__Description of the task__. Using the data below, set down every line from the one containing "Malimali 5 Pack" through the one containing "Set coșuri depozitare", inclusive and unchanged. Pictures are to be skipped.

__Listed entries__.
▬▬▬▬▬▬

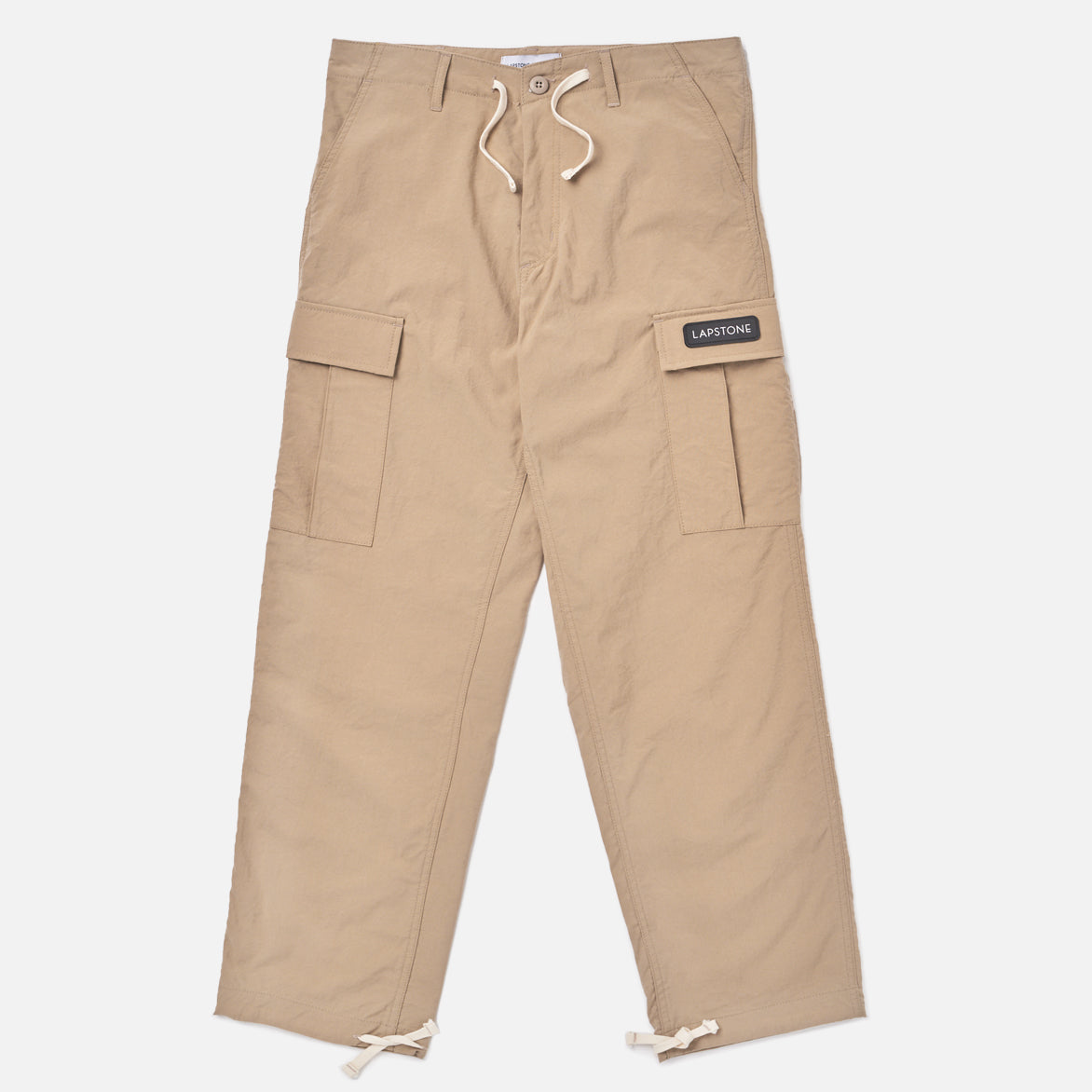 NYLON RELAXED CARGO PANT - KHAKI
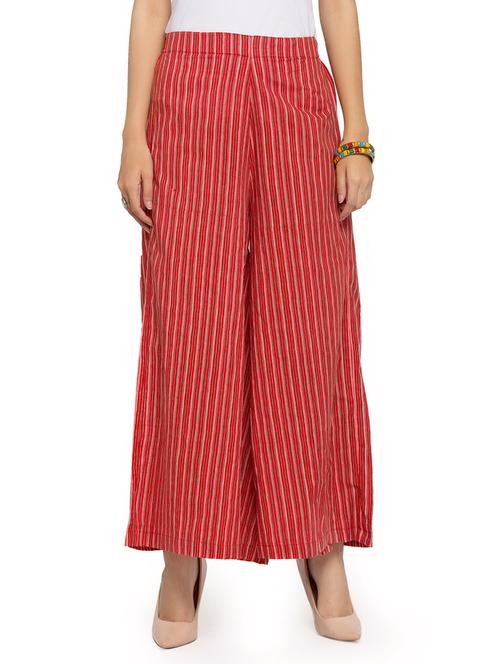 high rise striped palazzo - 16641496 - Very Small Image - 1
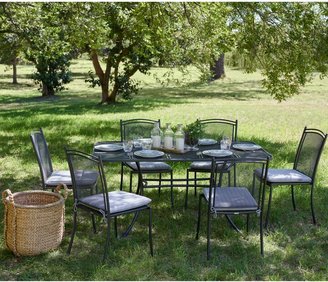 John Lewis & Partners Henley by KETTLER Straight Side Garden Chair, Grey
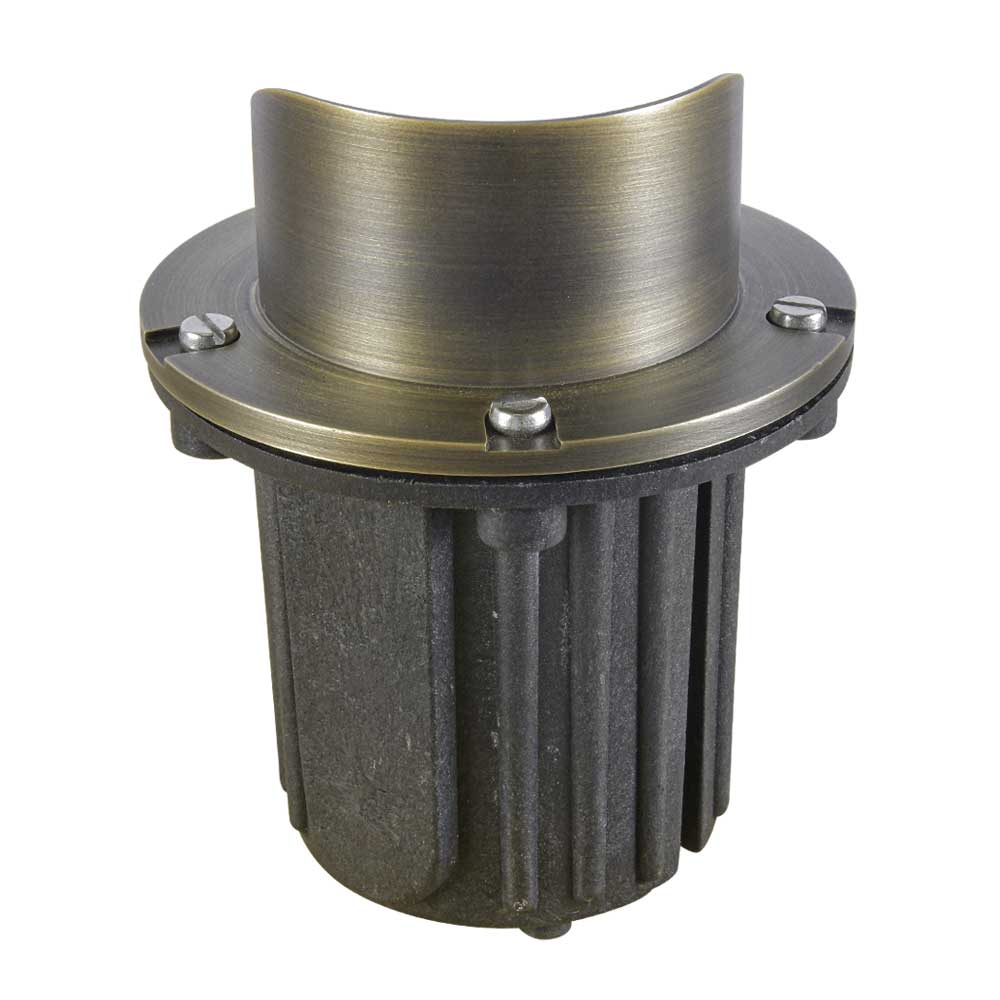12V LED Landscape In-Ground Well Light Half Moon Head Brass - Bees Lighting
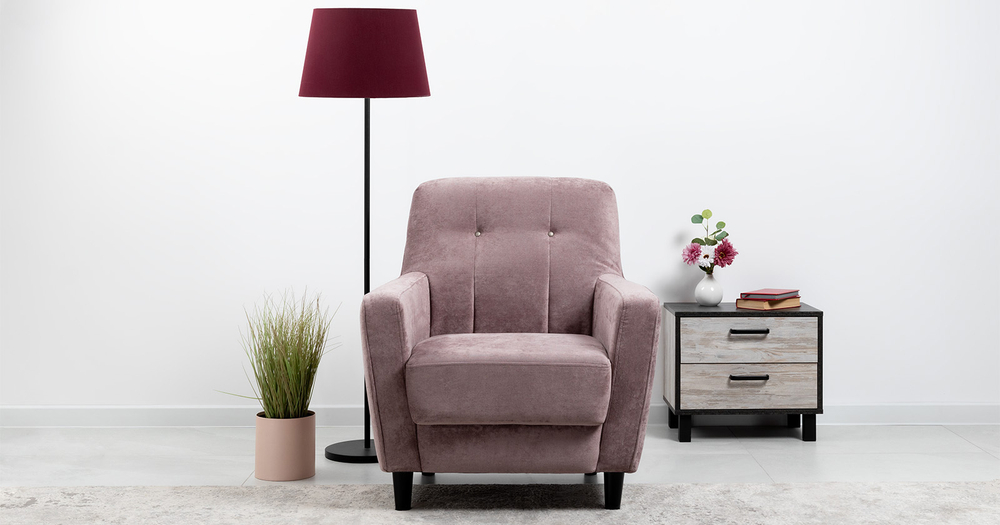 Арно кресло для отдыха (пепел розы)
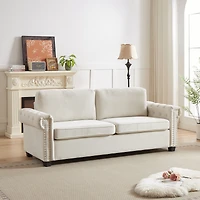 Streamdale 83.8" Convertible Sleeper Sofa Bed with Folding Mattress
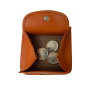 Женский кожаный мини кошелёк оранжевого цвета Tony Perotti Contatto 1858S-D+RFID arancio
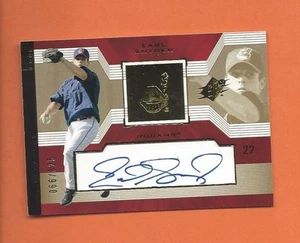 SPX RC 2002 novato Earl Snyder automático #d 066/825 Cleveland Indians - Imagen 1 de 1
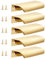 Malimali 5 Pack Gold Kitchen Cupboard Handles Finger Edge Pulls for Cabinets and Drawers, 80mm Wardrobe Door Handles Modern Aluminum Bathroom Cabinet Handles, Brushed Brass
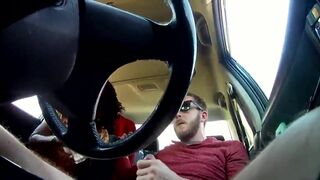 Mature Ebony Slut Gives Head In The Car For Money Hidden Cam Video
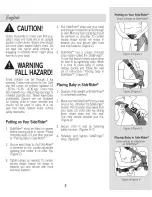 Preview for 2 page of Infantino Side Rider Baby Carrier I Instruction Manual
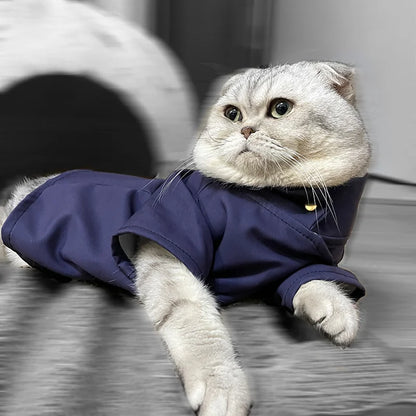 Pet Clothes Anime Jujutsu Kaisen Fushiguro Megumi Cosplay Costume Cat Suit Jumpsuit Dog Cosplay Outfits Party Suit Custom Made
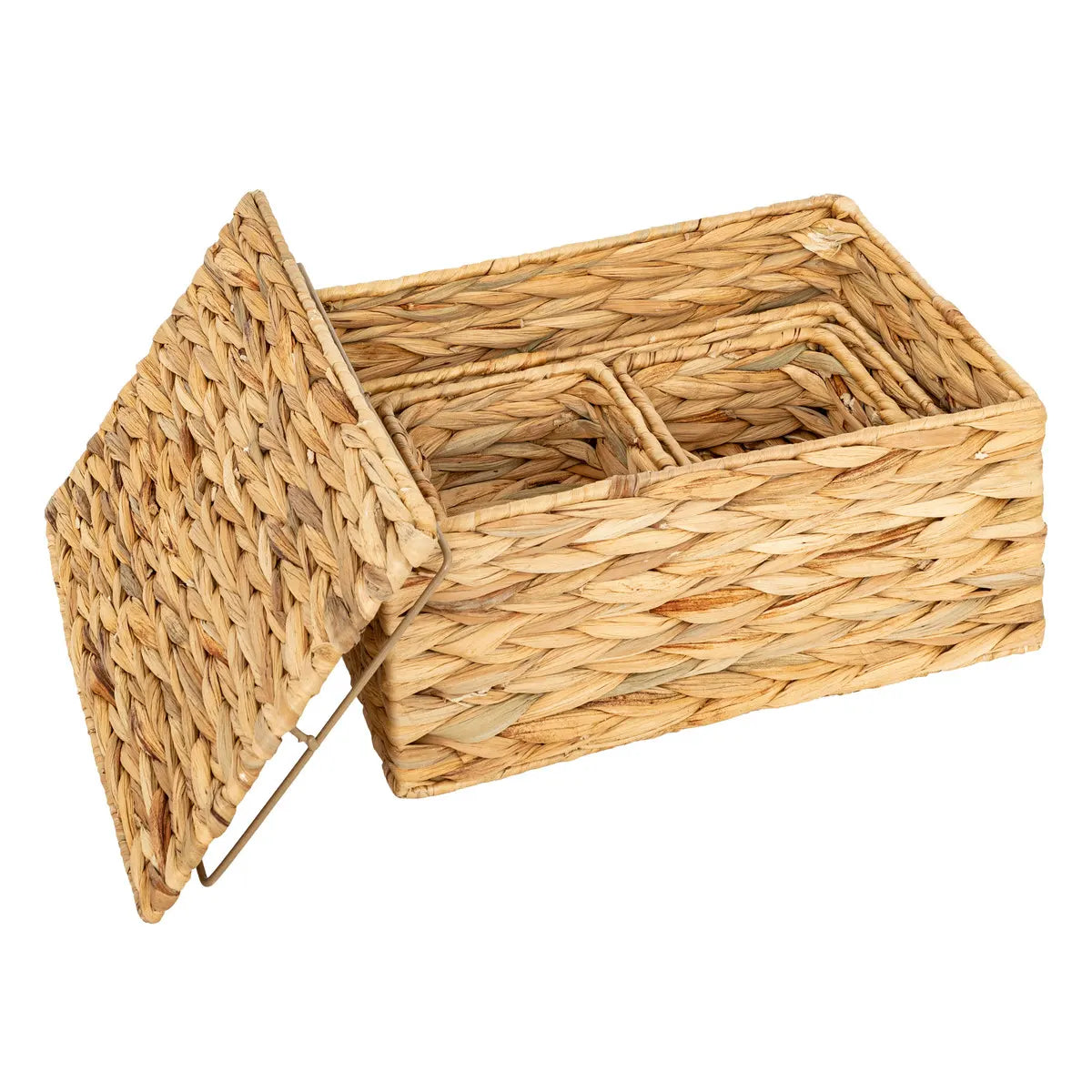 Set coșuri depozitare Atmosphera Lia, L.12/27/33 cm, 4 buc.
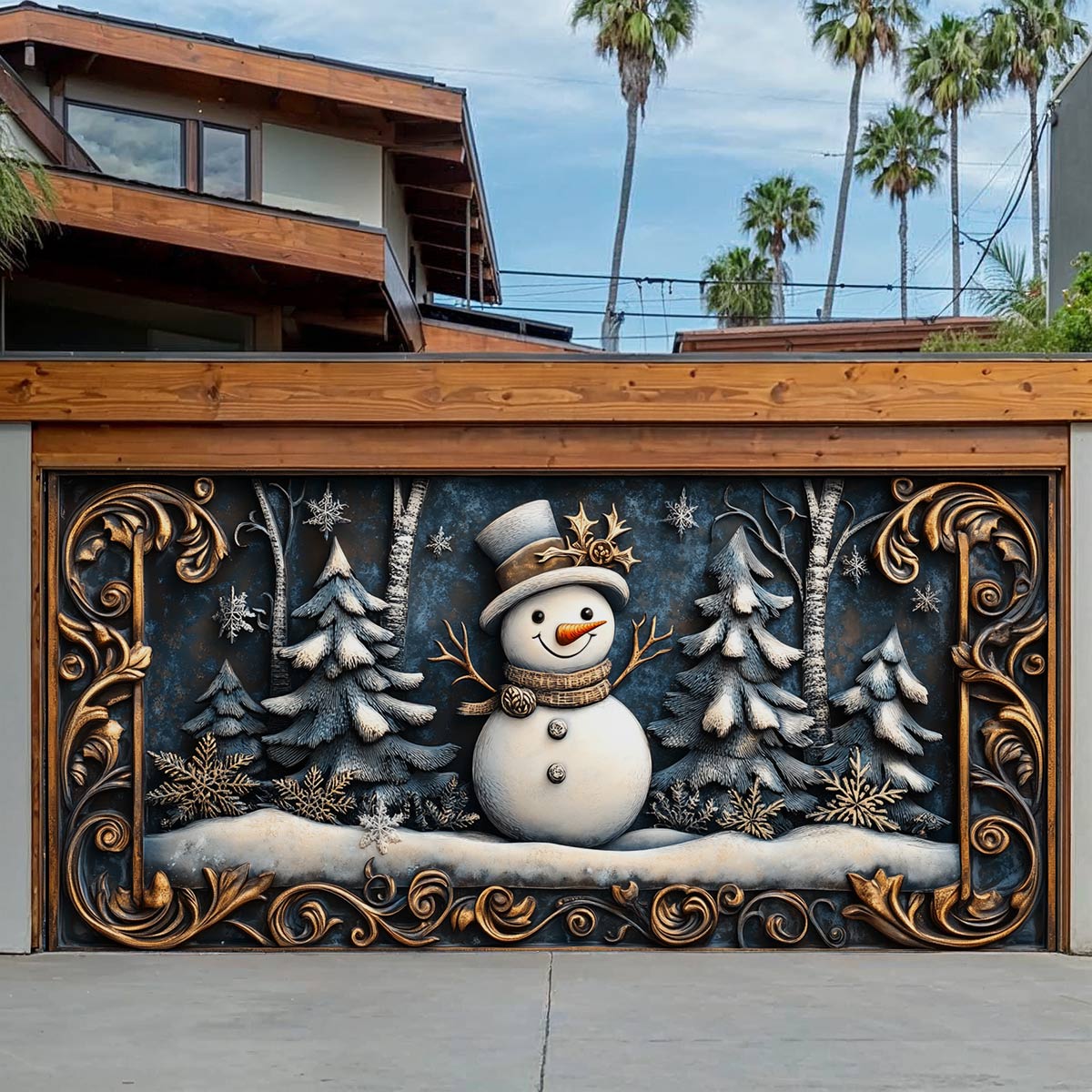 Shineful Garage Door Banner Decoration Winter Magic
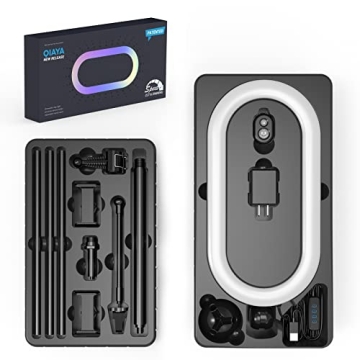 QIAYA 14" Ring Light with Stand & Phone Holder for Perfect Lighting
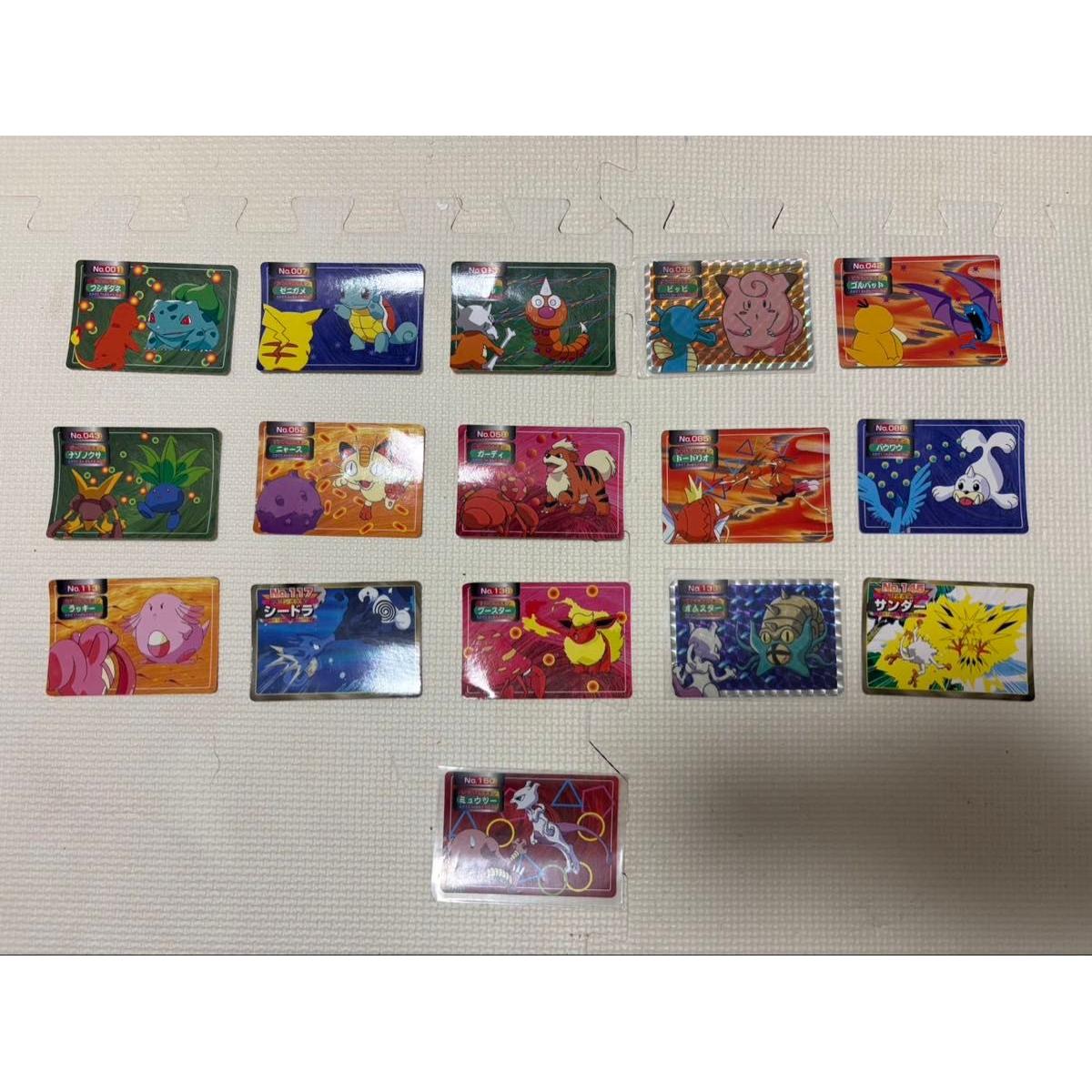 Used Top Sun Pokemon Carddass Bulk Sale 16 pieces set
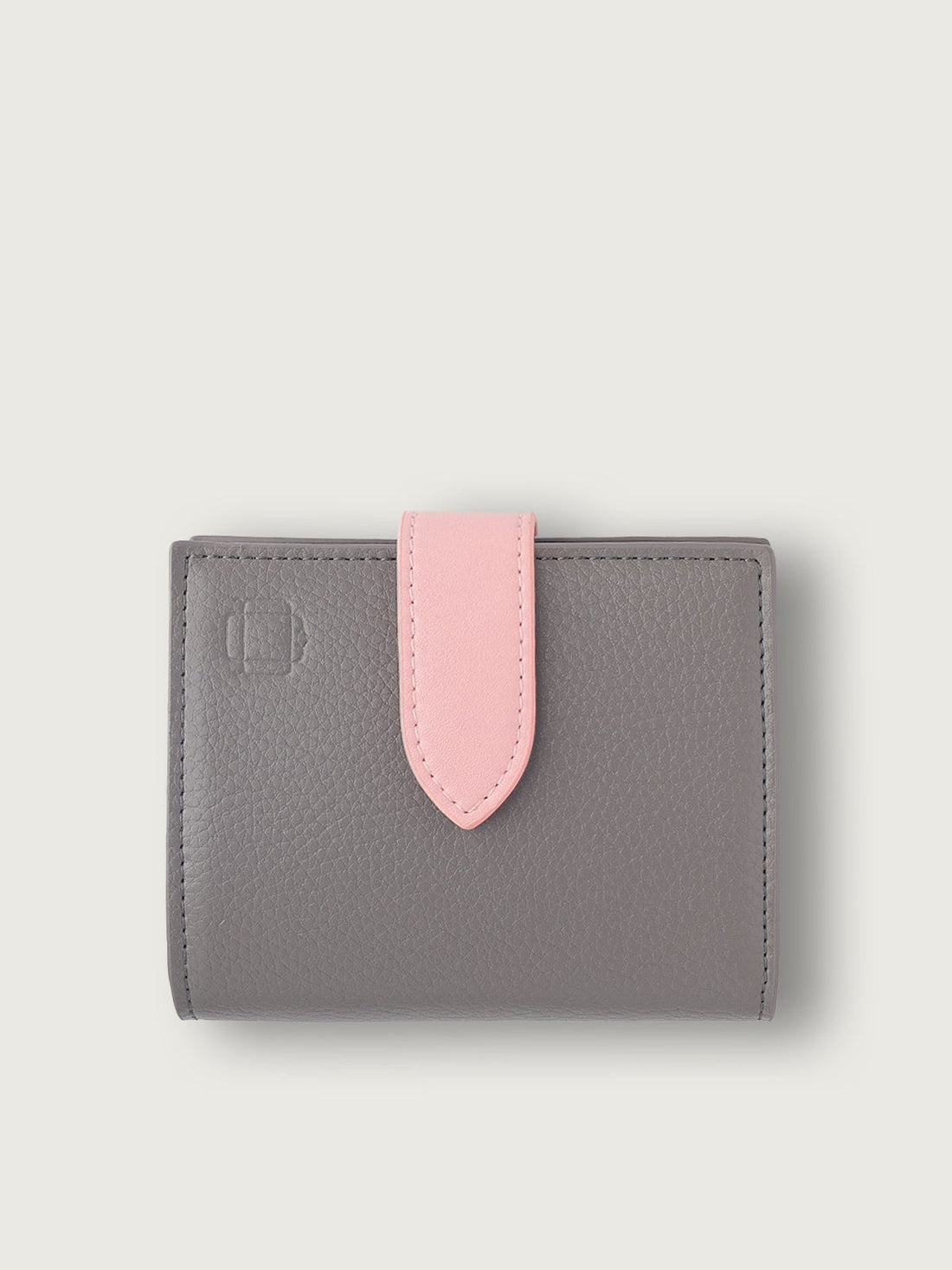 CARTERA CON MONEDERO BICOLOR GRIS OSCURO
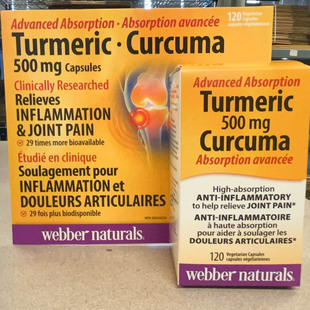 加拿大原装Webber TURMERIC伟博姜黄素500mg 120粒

▬▬▬▬▬▬

__Output of the exercise__.
 Malimali 5 Pack Gold Kitchen Cupboard Handles Finger Edge Pulls for Cabinets and Drawers, 80mm Wardrobe Door Handles Modern Aluminum Bathroom Cabinet Handles, Brushed Brass
 Mature Ebony Slut Gives Head In The Car For Money Hidden Cam Video
 Preview for 2 page of Infantino Side Rider Baby Carrier I Instruction Manual
 Pet Clothes Anime Jujutsu Kaisen Fushiguro Megumi Cosplay Costume Cat Suit Jumpsuit Dog Cosplay Outfits Party Suit Custom Made
 Set coșuri depozitare Atmosphera Lia, L.12/27/33 cm, 4 buc.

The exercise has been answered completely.